### [BRIEF]
Retype the records in full, and please keep the pictures out of the copy.

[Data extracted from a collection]
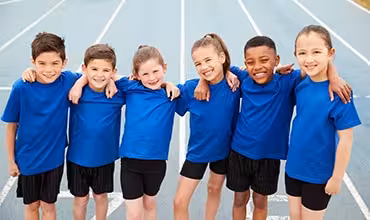 Niños con uniforme deportivo azul abrazados en una pista de atletismo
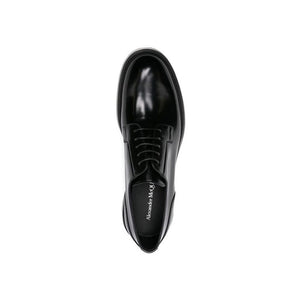 Schwarze Oxford- und Derby-Schuhe aus Kalbsleder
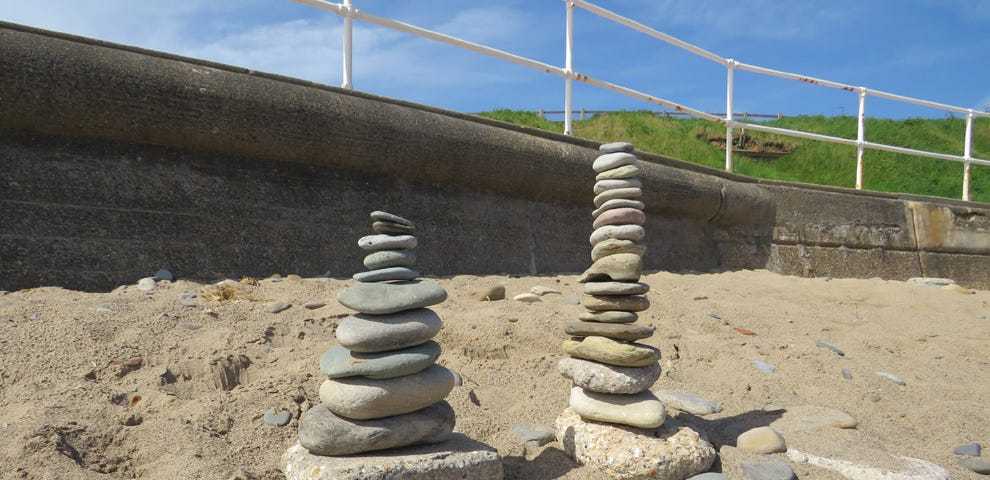 An “Inuksuk.” Two piles of stones about two feet high, on a seaside beach, with a sea wall, cliffs and blue sky in the background.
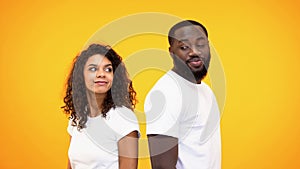 Young black man and woman looking each other standing back to back, affection photo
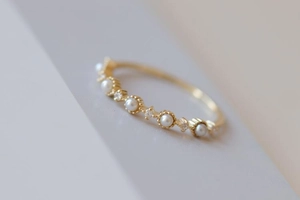 Detail shot of a slender gold ring featuring alternating small white pearls and crystals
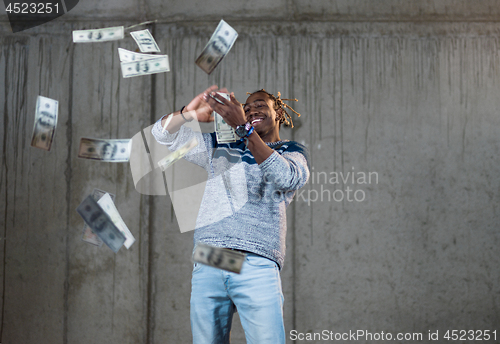 Image of black businessman making the rain of money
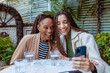 © carlesmiro - Two women, mother and daughter, are sitting at a table, drinking water and looking at a smartphone together, laughing and enjoying doing a videocall.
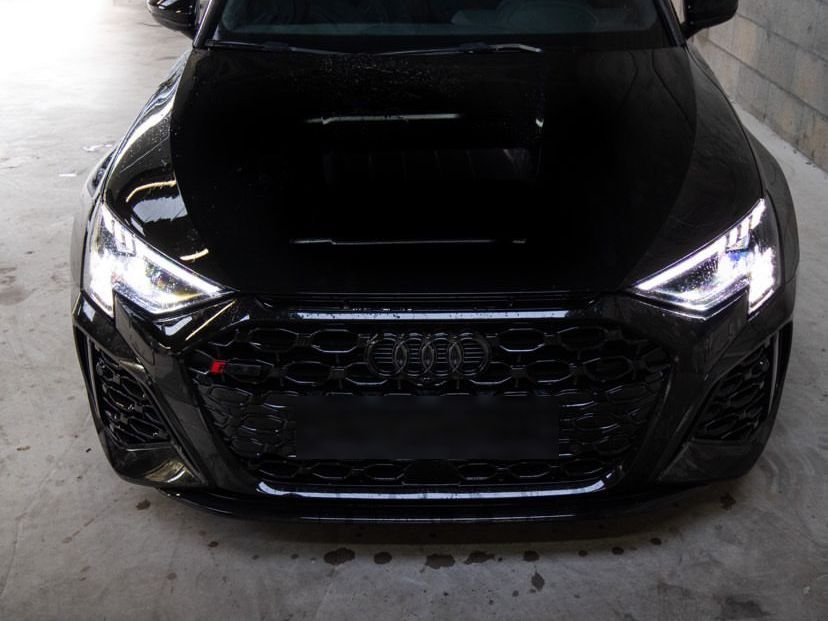Audi RS3 noire vue de face, phares allumés
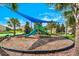 Neighborhood playground with a slide, shade structure, and seating, offering a safe and fun play area at 1101 Downswing Pl, Davenport, FL 33896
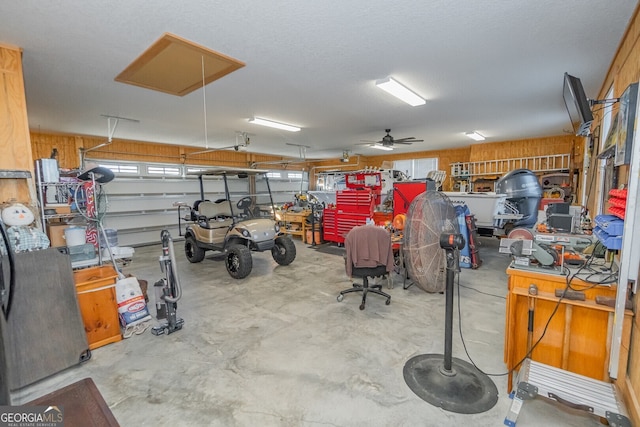 garage with ceiling fan and wooden walls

### [RESPONSE AREA]
 Niños con uniforme deportivo azul abrazados en una pista de atletismo
 Schwarze Oxford- und Derby-Schuhe aus Kalbsleder
 An “Inuksuk.” Two piles of stones about two feet high, on a seaside beach, with a sea wall, cliffs and blue sky in the background.
 Young black man and woman looking each other standing back to back, affection photo
 Detail shot of a slender gold ring featuring alternating small white pearls and crystals
 Image of black businessman making the rain of money
 © carlesmiro - Two women, mother and daughter, are sitting at a table, drinking water and looking at a smartphone together, laughing and enjoying doing a videocall.
Audi RS3 noire vue de face, phares allumés
 Neighborhood playground with a slide, shade structure, and seating, offering a safe and fun play area at 1101 Downswing Pl, Davenport, FL 33896
 garage with ceiling fan and wooden walls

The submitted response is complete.